Electronic structure in strontium titanate probed by planar tunneling spectroscopy
Abstract/Contents
- Abstract
- SrTiO3 superconductivity has been studied for decades and still attracts much attention due to its uniqueness. The properties of superconductivity in SrTiO3 are two-sided; some aspects are conventional and others are not. Its carrier density is extremely low and outside of the adiabatic condition in the conventional BCS (Bardeen-Copper-Schrie er) theory for superconductivity in metals. Despite longstanding query, probing its electronic structure has been a challenge because of the large surface depletion layer, especially for the low carrier density regime. In this work, we examine the electronic structure of SrTiO3 for the entire superconducting dome probed by planar tunneling spectroscopy. The suppression of the problematic depletion layer was achieved by using a polar oxide (LaAlO3) as a tunnel barrier. The atomically precise band engineering enabled the construction of a high-quality tunnel junction in electron-doped SrTiO3, which produced the high-resolution tunneling spectra. The evolution of tunneling spectra demonstrates that superconducting electrons are weakly coupled to pairing bosons while normal state electrons are strongly coupled to the longitudinal phonons. The transverse optic soft phonon is suggested as a possible candidate for pairing to explain this discrepancy in the adiabatic condition. How the transverse mode can couple to electrons in this inversion symmetric system still remains unclear, and this can be a unique feature in this incipient ferroelectric system. Furthermore, the physics of SrTiO3 tunneling devices are discussed in this thesis. First, the origins and control of the depletion width in electron-doped SrTiO3 were studied.

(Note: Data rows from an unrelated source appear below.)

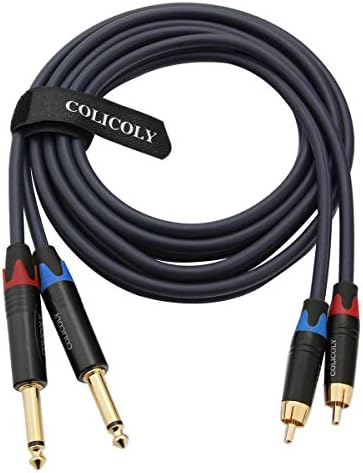COLICOLY Dual 1/4 TS to Dual RCA Stereo Interconnect Cable -1M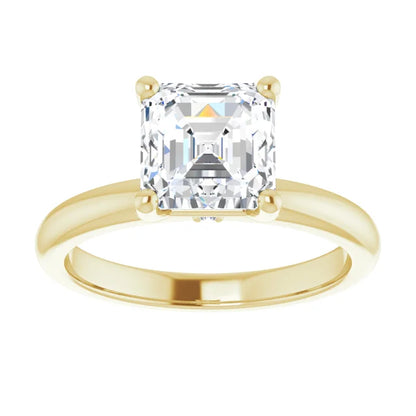 Asscher Low Hidden Halo Solitaire Engagement Ring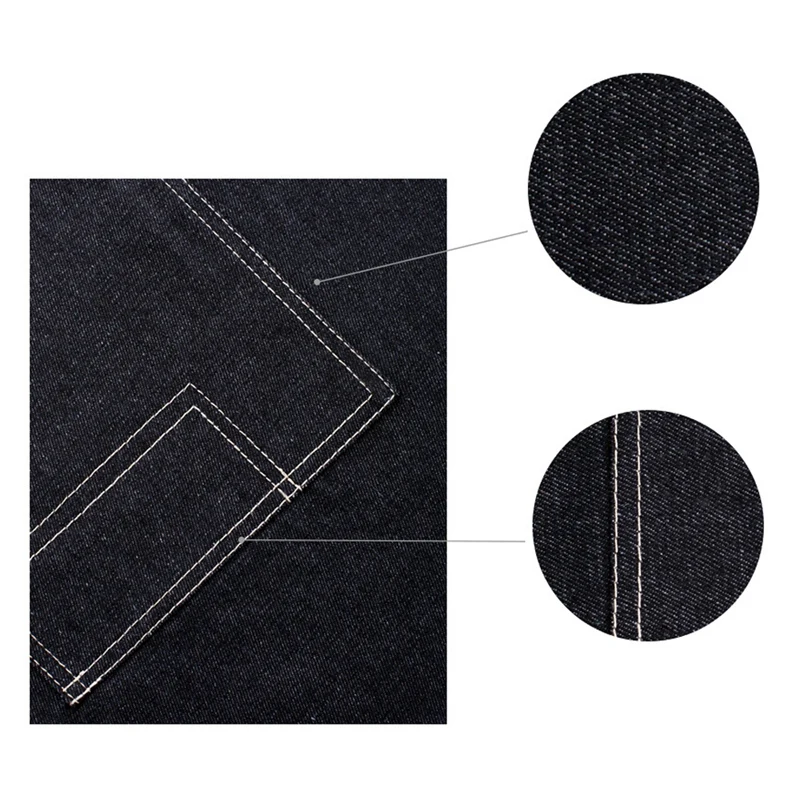 Fashion Nordic Style Whole Cotton Unisex Leather Denim Apron Coffee Shops Work Cleaning Aprons For Woman Kitchen Baking Black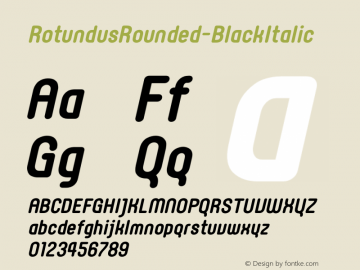 RotundusRounded-BlackItalic ☞ Version 2.000;com.myfonts.easy.dayflash.rotundus-rounded.black-italic.wfkit2.version.3BKt图片样张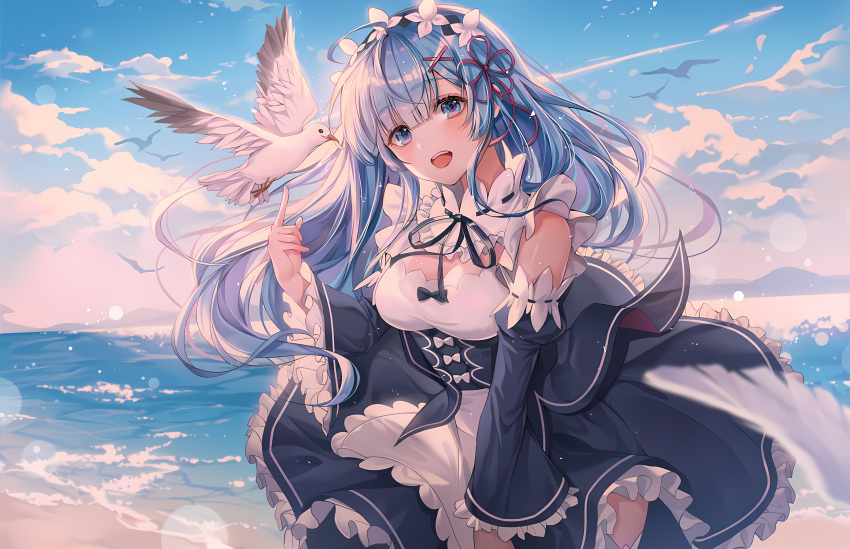 1girl apron beach bird black_ribbon blue_eyes blue_hair blue_sky breasts clouds cloudy_sky detached_sleeves dress evening floating_hair frilled_apron frilled_sleeves frills gradient_sky hair_ornament hair_ribbon horizon long_hair looking_at_viewer maid medium_breasts neck_ribbon ocean oni open_mouth outdoors pink_ribbon re:zero_kara_hajimeru_isekai_seikatsu rem_(re:zero) ribbon roswaal_mansion_maid_uniform seagull sky smile solo twilight waist_apron water white_apron wind woman x_hair_ornament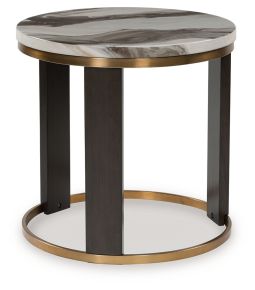 Signature Design by Ashley® T671-6 Jazmore - Round End Table - Brown / Brass Finish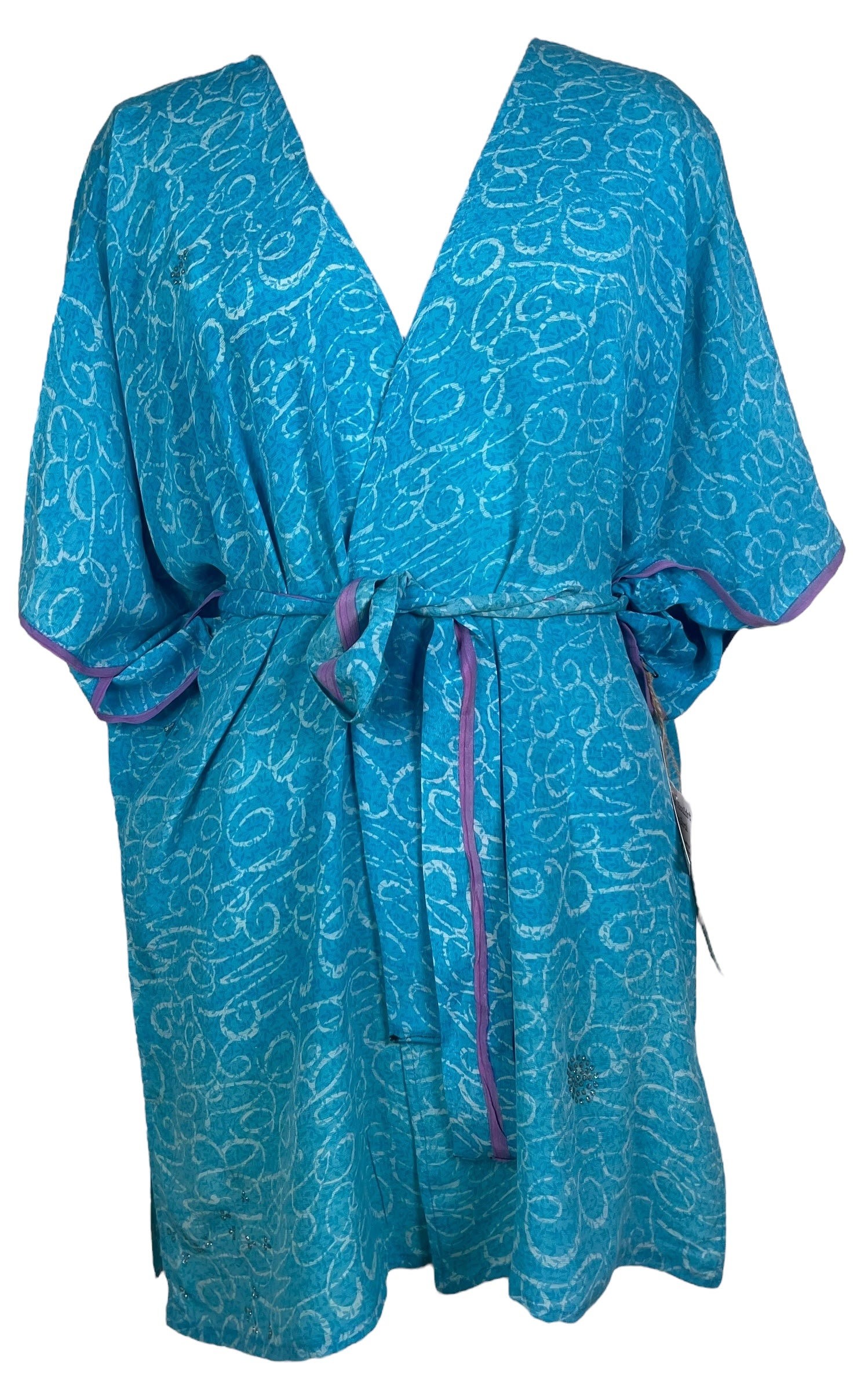 PRC8207 Avatar Pure Silk Kimono-Sleeved Jacket with Belt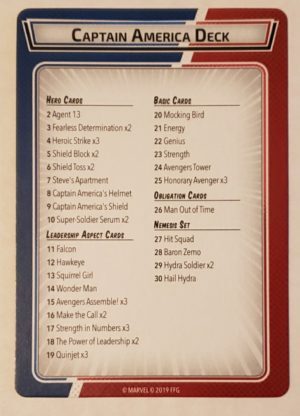 Captain America Preconstructed Deck Reference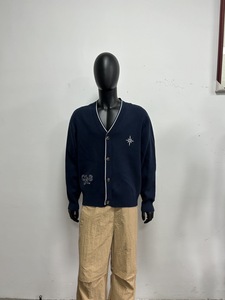 <b>Navy</b> V Neck Knit <b>Cardigan</b> Button Front Long Sleeve Pullover Sweater for Women - Product Image 1
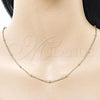 Oro Laminado Basic Necklace, Gold Filled Style Rolo and Ball Design, Polished, Golden Finish, 04.213.0248.22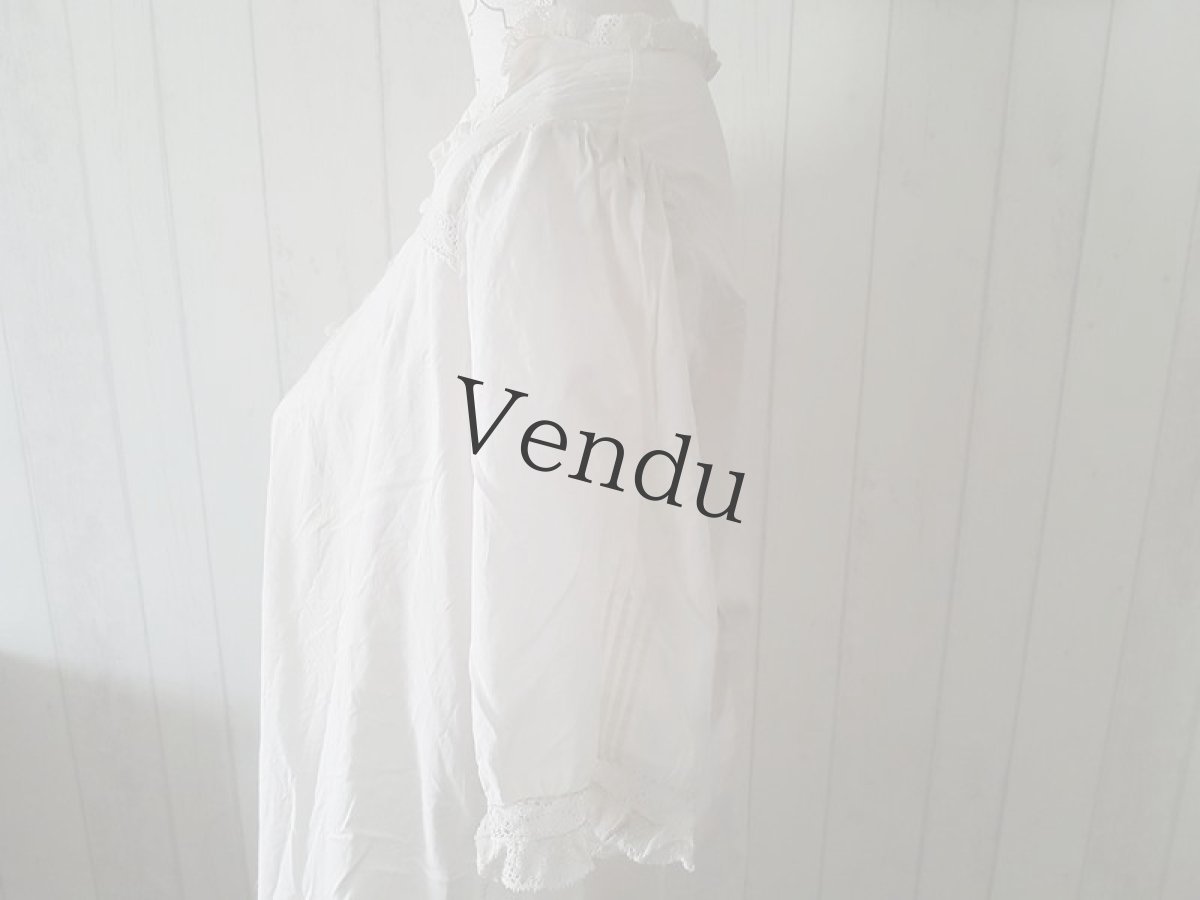 画像8: フランスアンティーク　五分袖ワンピース (8)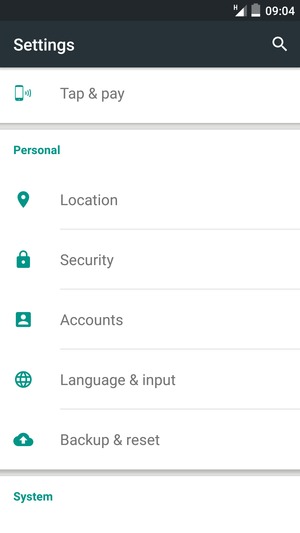 Scroll to and select Security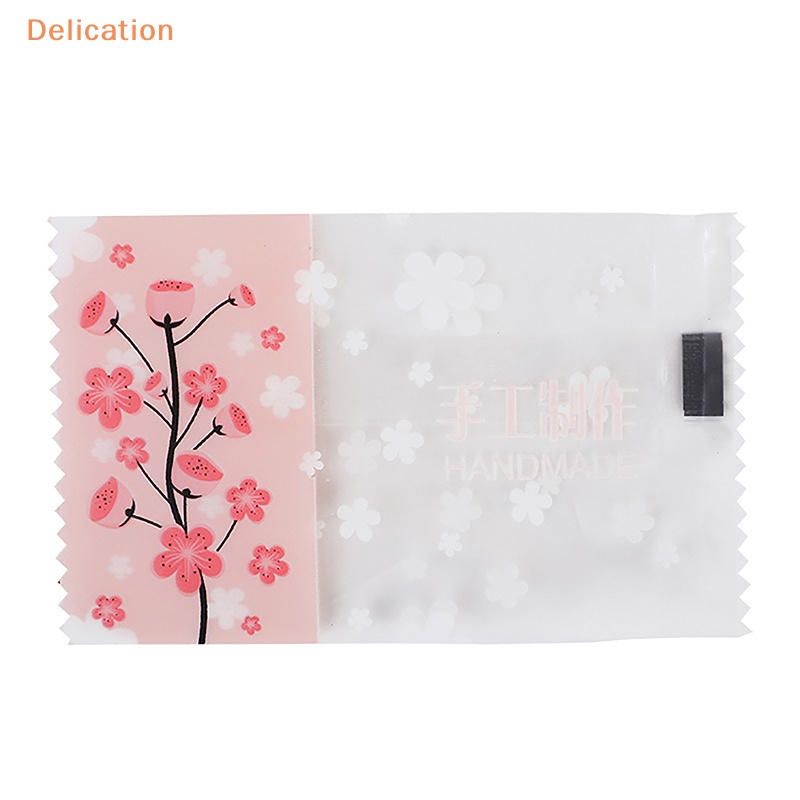 Set 100 / 200 Túi Đựng Bánh Quy / Kem Nền DIY Hình Hoa Anh Đào
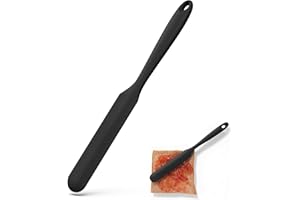 U-Taste 10" Silicone Jar Spatula: 600ºF Heat-Resistant Non-Stick Long Skinny Sourdough Stirring Stick, Sturdy Flexible Narrow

In addition, LaAlO3, which is used to suppress the depletion width, can accumulate electrons at the interface with electron-doped SrTiO3. The detection and control of electron accumulation are presented, and these are essential to obtain high-quality tunnel junctions to probe the low-density SrTiO3 of interest.
Description
| Type of resource | text |
|---|---|
| Form | electronic resource; remote; computer; online resource |
| Extent | 1 online resource. |
| Place | California |
| Place | [Stanford, California] |
| Publisher | [Stanford University] |
| Copyright date | 2019; ©2019 |
| Publication date | 2019; 2019 |
| Issuance | monographic |
| Language | English |
Creators/Contributors
| Author | Yoon, Hyeok |
|---|---|
| Degree supervisor | Hwang, Harold Yoonsung, 1970- |
| Thesis advisor | Hwang, Harold Yoonsung, 1970- |
| Thesis advisor | Raghu, Srinivas, 1978- |
| Thesis advisor | Suzuki, Yuri, (Applied physicist) |
| Degree committee member | Raghu, Srinivas, 1978- |
| Degree committee member | Suzuki, Yuri, (Applied physicist) |
| Associated with | Stanford University, Department of Applied Physics. |
Subjects
| Genre | Theses |
|---|---|
| Genre | Text |
Bibliographic information
| Statement of responsibility | Hyeok Yoon. |
|---|---|
| Note | Submitted to the Department of Applied Physics. |
| Thesis | Thesis Ph.D. Stanford University 2019. |
| Location | electronic resource |
Access conditions
- Copyright
- © 2019 by Hyeok Yoon
- License
- This work is licensed under a Creative Commons Attribution Non Commercial 3.0 Unported license (CC BY-NC).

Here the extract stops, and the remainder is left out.